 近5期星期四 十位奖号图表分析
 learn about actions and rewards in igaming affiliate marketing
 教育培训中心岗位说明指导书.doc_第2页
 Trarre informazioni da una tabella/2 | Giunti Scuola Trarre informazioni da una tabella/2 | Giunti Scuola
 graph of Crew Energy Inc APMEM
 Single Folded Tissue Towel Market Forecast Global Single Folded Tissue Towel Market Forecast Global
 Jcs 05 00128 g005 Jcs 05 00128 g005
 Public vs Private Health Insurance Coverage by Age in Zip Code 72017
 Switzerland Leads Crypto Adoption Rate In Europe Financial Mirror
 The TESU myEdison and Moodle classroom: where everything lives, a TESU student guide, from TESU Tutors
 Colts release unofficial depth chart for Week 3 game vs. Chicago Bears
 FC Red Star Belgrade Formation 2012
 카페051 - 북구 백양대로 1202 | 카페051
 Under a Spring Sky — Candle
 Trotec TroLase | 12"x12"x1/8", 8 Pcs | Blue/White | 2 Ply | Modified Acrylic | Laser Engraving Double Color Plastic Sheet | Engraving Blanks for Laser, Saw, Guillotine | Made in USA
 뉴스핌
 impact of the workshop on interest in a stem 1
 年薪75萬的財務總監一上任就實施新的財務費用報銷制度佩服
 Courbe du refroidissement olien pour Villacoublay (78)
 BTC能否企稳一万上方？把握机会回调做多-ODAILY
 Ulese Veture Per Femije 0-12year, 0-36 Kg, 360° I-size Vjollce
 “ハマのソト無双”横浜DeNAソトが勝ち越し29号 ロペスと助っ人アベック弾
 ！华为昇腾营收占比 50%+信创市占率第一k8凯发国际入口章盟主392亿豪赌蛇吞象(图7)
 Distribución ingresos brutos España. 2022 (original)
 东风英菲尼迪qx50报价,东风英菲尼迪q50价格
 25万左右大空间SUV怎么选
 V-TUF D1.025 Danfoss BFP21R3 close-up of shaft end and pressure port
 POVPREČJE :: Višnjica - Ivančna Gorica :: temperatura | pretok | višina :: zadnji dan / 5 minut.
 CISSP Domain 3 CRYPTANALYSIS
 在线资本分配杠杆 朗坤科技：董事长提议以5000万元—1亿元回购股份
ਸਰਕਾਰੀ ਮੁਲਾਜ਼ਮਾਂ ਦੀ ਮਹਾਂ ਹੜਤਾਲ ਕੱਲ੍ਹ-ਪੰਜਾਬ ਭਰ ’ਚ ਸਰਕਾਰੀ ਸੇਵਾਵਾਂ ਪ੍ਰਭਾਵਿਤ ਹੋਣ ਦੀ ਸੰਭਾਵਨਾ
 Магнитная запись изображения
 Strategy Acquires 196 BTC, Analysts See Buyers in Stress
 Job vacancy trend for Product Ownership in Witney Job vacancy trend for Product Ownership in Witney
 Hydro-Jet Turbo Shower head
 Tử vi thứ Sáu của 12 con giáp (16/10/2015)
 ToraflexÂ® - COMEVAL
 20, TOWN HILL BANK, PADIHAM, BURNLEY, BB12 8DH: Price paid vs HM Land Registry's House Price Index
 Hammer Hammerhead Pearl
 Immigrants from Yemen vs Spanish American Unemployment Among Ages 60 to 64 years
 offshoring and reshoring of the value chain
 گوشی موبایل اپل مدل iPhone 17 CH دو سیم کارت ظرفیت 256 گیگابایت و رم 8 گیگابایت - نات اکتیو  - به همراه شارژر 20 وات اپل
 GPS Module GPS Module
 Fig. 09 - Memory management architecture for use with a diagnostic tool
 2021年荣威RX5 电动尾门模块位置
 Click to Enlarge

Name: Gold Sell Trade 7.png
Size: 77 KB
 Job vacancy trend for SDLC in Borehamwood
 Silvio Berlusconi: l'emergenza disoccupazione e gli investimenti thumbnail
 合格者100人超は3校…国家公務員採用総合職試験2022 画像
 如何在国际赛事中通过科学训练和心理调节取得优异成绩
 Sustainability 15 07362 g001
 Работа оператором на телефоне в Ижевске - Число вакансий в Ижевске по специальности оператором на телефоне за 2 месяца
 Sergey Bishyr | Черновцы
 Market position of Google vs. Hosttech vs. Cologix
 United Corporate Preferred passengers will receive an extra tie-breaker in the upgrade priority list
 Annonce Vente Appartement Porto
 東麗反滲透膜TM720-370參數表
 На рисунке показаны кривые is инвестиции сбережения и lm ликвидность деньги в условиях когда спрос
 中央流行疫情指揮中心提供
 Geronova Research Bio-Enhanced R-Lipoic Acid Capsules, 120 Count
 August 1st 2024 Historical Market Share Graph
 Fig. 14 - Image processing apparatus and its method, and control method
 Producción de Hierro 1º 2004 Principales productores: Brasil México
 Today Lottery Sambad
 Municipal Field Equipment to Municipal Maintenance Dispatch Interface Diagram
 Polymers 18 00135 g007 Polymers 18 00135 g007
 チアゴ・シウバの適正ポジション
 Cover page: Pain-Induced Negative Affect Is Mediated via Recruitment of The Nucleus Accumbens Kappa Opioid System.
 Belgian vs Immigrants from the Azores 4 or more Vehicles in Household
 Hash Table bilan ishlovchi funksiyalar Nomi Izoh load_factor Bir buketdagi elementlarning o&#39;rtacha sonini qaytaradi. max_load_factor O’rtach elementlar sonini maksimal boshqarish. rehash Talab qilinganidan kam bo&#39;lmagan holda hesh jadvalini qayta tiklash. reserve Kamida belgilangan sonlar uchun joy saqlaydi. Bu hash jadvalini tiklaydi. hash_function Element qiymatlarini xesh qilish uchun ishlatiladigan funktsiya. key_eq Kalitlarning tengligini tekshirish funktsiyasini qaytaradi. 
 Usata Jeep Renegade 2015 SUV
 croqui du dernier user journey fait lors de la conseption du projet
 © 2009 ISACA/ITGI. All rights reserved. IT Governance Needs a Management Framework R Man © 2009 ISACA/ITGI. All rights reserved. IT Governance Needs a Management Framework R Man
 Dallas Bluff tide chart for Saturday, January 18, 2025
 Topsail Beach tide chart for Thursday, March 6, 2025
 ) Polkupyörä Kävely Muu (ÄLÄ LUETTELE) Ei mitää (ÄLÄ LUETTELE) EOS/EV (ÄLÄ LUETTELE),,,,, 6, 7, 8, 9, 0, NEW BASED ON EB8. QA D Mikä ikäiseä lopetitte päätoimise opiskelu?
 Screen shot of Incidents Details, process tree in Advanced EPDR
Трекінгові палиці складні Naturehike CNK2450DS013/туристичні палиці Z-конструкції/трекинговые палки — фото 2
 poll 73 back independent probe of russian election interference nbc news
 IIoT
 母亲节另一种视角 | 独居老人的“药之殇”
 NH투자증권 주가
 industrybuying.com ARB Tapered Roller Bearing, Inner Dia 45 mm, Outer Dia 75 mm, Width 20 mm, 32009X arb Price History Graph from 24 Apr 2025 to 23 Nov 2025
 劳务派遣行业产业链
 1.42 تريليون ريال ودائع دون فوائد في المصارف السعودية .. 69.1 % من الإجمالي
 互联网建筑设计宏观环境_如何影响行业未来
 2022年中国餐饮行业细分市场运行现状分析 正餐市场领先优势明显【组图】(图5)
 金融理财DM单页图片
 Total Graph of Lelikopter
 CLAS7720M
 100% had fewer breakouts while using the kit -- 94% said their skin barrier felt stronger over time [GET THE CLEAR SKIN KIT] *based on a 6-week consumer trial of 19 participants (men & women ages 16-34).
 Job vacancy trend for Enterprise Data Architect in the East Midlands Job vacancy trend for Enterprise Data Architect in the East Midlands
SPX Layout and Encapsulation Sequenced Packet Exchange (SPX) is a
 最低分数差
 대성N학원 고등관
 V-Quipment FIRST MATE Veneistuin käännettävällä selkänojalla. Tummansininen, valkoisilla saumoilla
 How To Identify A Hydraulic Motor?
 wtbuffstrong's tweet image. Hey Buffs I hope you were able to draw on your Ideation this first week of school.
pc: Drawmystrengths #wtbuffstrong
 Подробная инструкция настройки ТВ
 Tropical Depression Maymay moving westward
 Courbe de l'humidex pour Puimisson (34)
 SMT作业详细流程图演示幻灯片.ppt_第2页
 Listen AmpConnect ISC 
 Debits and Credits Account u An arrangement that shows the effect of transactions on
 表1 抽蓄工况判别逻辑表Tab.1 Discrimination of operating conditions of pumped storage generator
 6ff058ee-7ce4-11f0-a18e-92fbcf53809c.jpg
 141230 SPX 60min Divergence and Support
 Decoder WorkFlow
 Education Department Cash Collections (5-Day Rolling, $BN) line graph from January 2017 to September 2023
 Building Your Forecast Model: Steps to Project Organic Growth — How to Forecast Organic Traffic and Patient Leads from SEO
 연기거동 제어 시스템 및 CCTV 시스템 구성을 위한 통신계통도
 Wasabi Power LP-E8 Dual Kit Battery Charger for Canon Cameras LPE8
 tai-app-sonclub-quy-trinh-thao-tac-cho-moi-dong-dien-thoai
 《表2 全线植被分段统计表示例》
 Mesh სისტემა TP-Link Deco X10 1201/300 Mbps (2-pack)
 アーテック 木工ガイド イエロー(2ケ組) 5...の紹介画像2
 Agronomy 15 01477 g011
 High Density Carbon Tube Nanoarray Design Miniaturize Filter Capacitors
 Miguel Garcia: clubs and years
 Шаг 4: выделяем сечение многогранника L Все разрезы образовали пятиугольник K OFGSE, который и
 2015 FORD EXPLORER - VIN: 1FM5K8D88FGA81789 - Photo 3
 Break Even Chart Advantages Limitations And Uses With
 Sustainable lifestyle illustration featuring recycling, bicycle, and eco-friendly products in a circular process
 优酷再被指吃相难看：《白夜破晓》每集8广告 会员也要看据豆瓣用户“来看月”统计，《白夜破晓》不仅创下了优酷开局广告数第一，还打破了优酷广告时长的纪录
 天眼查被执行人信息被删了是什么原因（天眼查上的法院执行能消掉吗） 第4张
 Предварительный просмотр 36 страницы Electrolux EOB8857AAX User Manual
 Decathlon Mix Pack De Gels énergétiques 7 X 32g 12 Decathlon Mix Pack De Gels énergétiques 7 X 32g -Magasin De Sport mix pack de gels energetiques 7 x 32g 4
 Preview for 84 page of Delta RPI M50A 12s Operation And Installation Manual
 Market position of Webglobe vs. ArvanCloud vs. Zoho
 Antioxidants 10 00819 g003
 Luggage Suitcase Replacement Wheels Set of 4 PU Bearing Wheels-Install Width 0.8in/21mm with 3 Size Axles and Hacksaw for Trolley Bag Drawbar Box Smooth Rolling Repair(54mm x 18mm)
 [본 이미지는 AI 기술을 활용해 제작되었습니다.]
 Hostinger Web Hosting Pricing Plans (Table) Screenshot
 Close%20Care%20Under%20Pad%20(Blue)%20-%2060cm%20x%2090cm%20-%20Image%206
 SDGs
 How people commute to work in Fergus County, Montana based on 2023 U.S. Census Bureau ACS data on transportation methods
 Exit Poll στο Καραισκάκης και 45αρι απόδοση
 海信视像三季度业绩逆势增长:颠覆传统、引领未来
+ + + + +
Go through the entries above and say how many lines include the word "Immigrants". Give the number only.

2